After weeks of learning about and experimenting with Arduino boards, students in the D-Tech Academy presented their group projects during Foothill Intervention, Reinforcement, and Enrichment Program (FIRE) on Tuesday, Dec. 8.
After weeks of learning about and experimenting with Arduino boards, students in the D-Tech Academy presented their group projects during Foothill Intervention, Reinforcement, and Enrichment Program (FIRE) on Tuesday, Dec. 8. Ranging from stopwatches and alarm clocks to games of “Simon Says,” teams created their own circuit board projects.
A lot of preparation went into these projects. Students first had to learn the basics of coding and circuit board design.
D-Tech Advisor Kurt Miller introduced the project by allowing students to self-direct themselves through an Arduino “textbook” with instructions. They “went through a bunch of projects from the book that showed them step-by-step processes.”
One group was successful in their endeavors to build an alarm clock.
“It’s basically an alarm clock with a timer and when your head is on the pillow the alarm clock will go, and when you take your head off the pillow, the alarm clock will stop,” junior William Borchard explained.
However, some of the other teams weren’t as successful in completing a fully functional project. Sophomore Aiden Holcomb planned to create a stopwatch.
“It was working at first, [but] some of the circuitry was out of place. A lot of the instructions we used online were incorrect,” Holcomb said.

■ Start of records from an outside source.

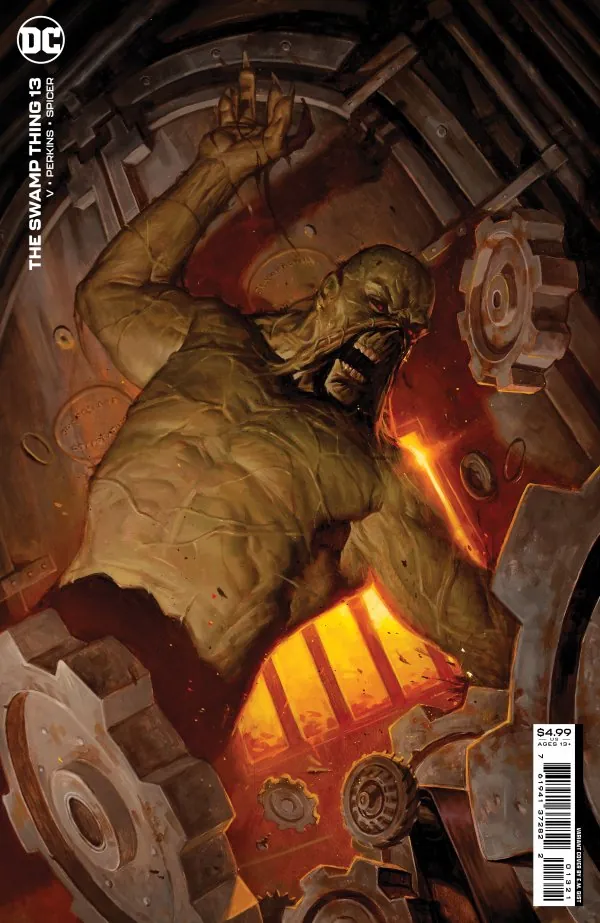 Cover of The Swamp Thing #13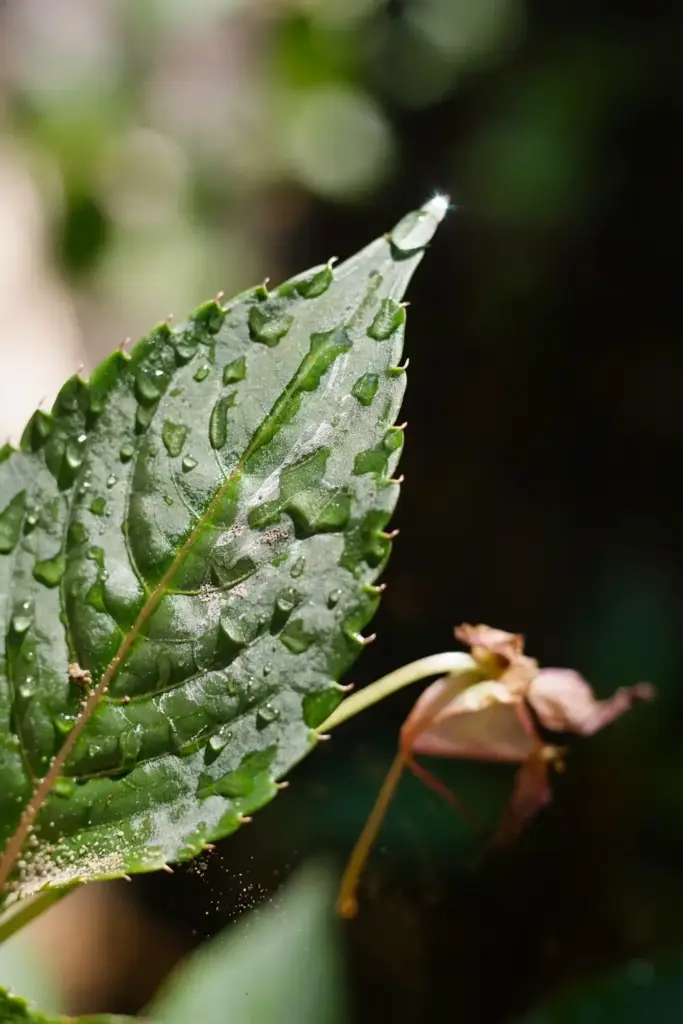 Water droplets on an impatiens leaf after washing off thrips.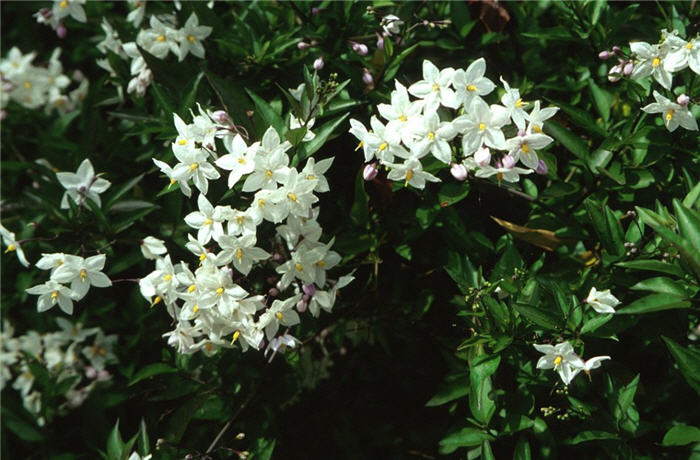 Plant photo of: Solanum jasminoides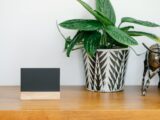 Blank name card placed on shelf near potted plant and metal cow statuette against gray wall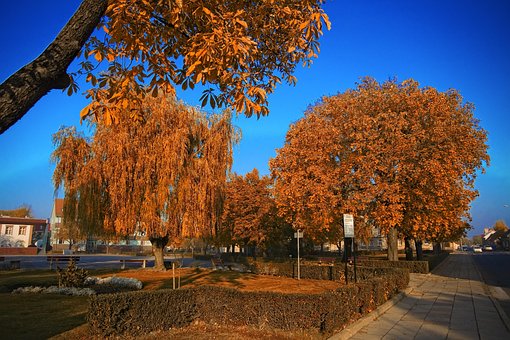 Free Słubice Park photo and picture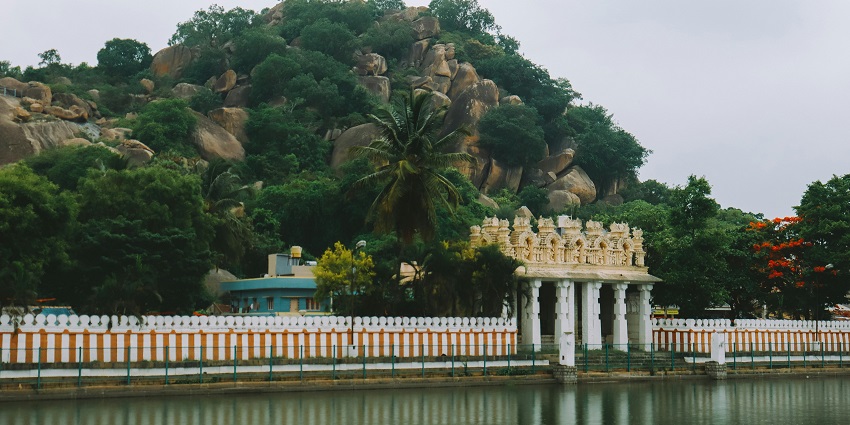 A picture of a pond inside a temple premises with greenery all around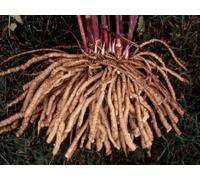 RARE 15 graines de CHERVIS (Sium Sisarum) H820 SKIRRET SEEDS SAMEN SEMILLAS SEMI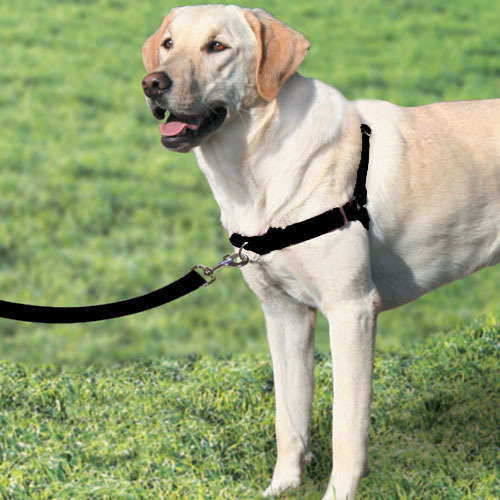 gentle leader easy walk harness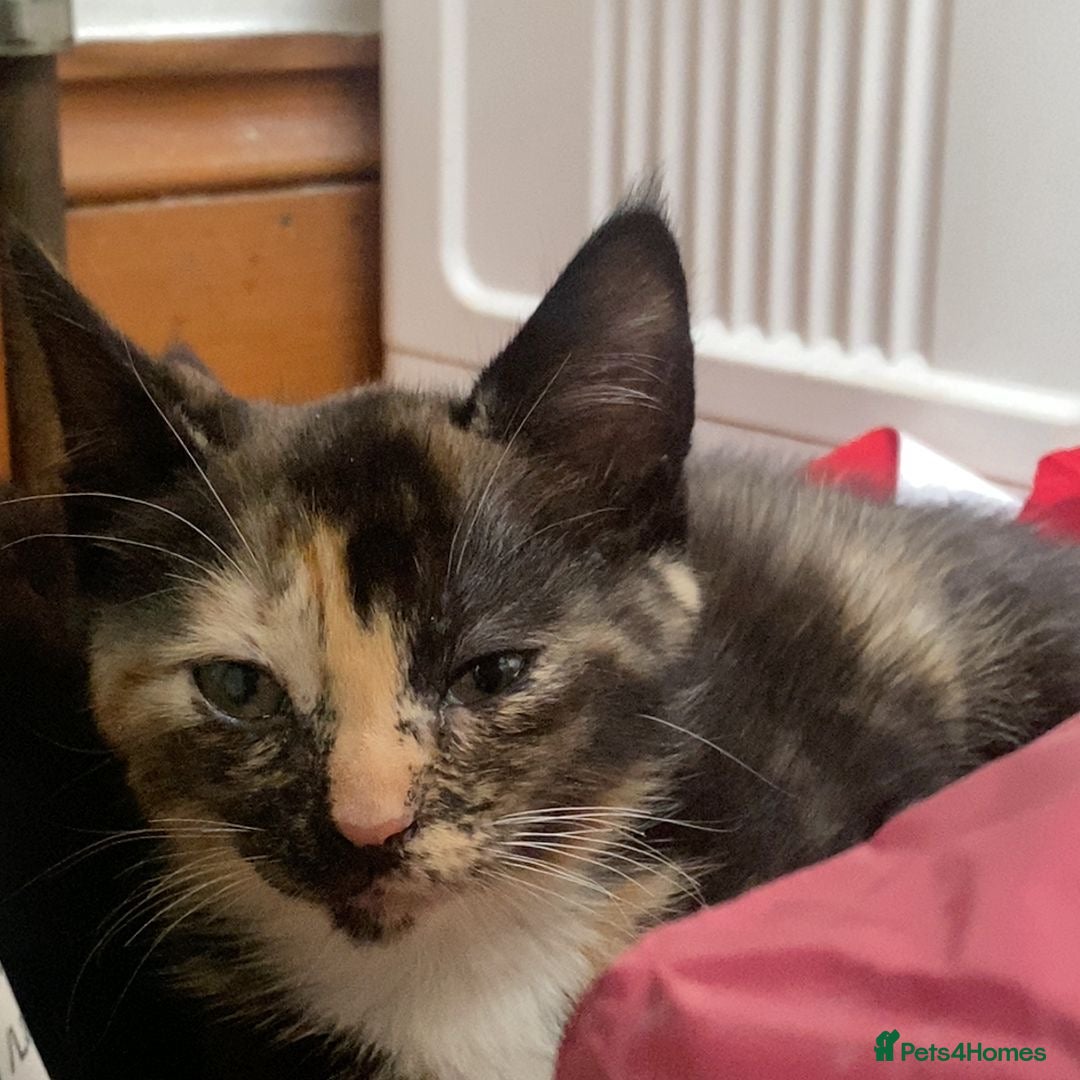 Mixed Breed cats for sale: Playful Kittens 🐾 (Please Read Description) - Image 1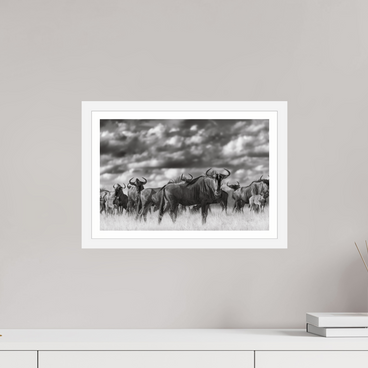 15 x 10″, S+M White Frame + Border MYSELF IN THE MANY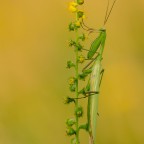 Mantis religiosa, 1.0 adult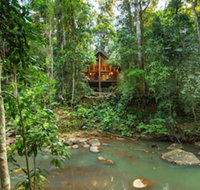 The Canopy Rainforest Treehouses and Wildlife Sanctuary - Your Accommodation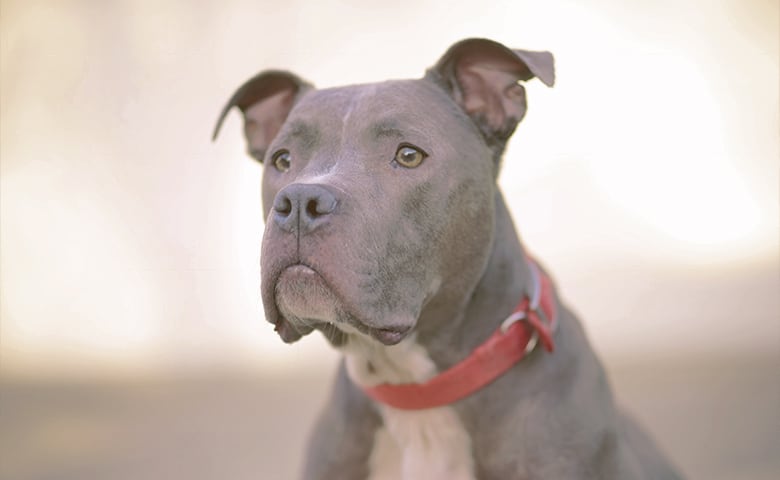 A pitbull dog staring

Sophomore Martin Gama encountered difficulties as well when he couldn’t find a clear example picture to go along with the instructions of his project, which was a thermometer displayed through LED lights.
Miller took these obstacles as an opportunity to teach students about the importance of detailed documentation when creating prototypes.

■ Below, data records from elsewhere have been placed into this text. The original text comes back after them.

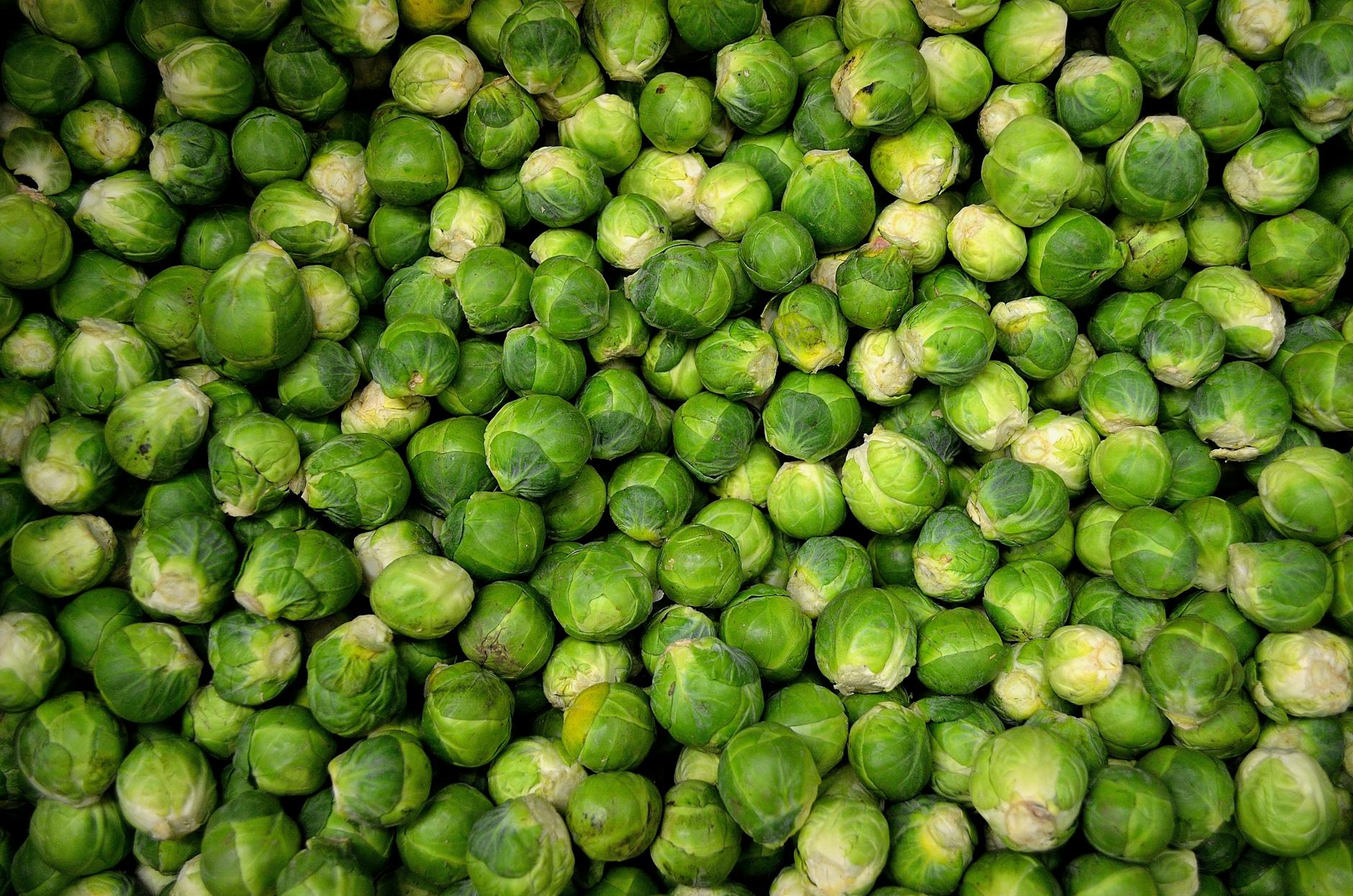 Brussels Sprouts Nutrition Brain Health Antioxidants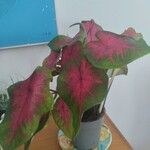 Caladium bicolor Leaf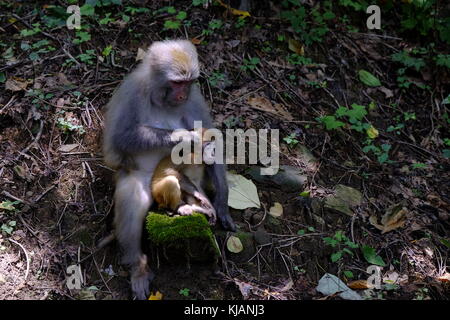 La madre e il bambino macachi a zhangjiajie National Forest park in Cina Foto Stock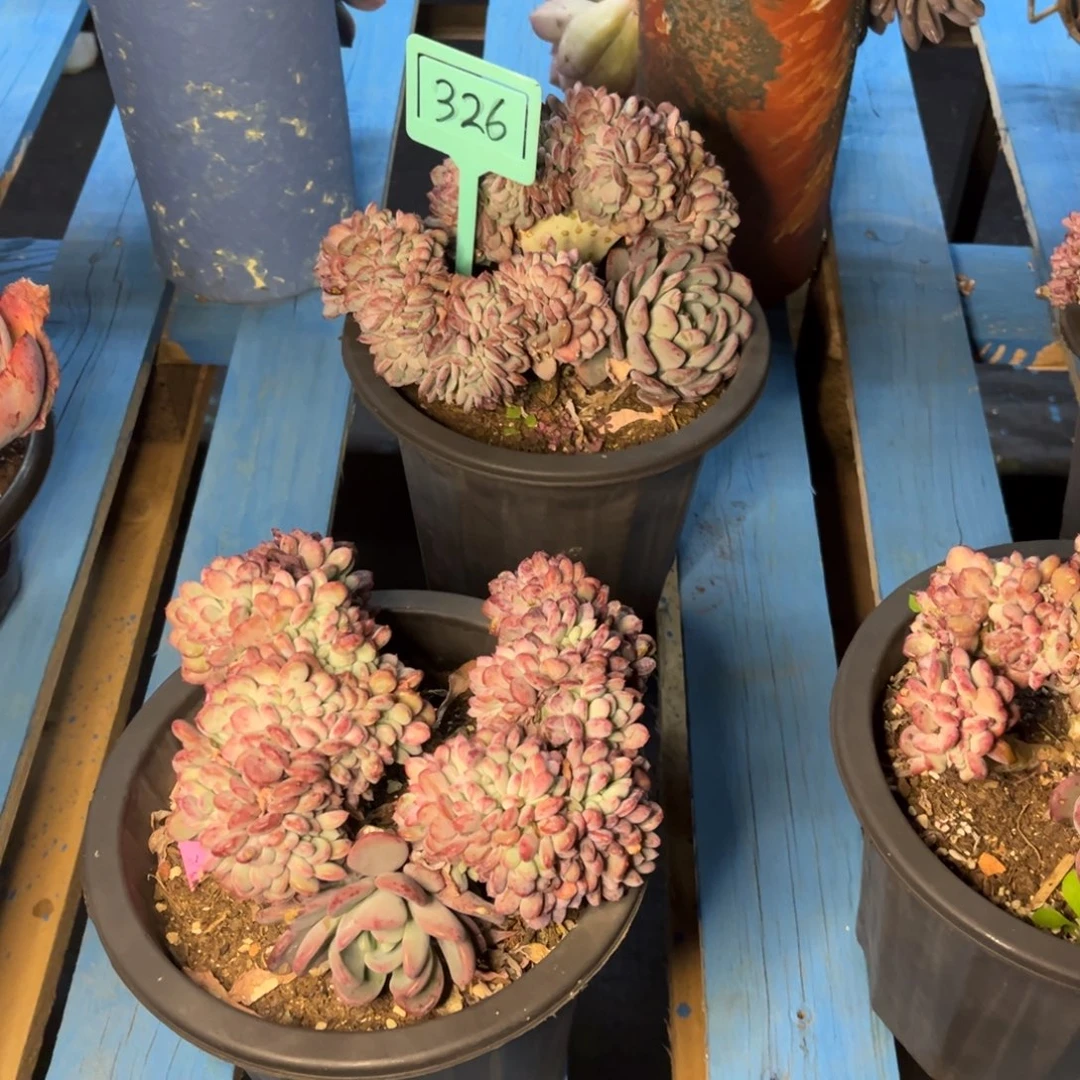 小雨多肉玛瑙缀化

Students saw “the limitations of projects posted online, [and] the issues with documentation and schematics. Some of the students have this mentality that they can just, kind of, wiggle their way through it, but when it comes to coding and circuit design, things have to be very precise. That’s one of the things they noticed.”
Despite drawbacks in his project, Holcomb enjoyed the opportunity to use Arduinos.
“It was kind of fun to work with these […] Arduinos because it was new. It’s not necessarily something a lot of other schools have, it’s sort of isolated to this one. I haven’t really seen any other high school that works with 3-D printers or Arduinos in our area,” Holcomb said.
Holcomb also said it was fun to just understand how circuitry works, and “to learn how basic electrical engineering is done.”
Overall, Miller believes the project was successful.
“The students learned a lot about electronic circuits. They learned about the limitations of what they can do with electronic circuits and Arduinos.”
“The issues came in the project when they had to kind of figure out the gray areas, when they had to learn their own sort of processes. Some of them were able to do that, and other students not quite as much. So, we’re seeing the limitations in what they know, which is a very important thing. You can’t assume you know everything,” Miller said.
Next, Miller hopes to take on 3-D printing. The students will “learn the principles of 3-D printing and 3-D design,” and then construct their own rockets.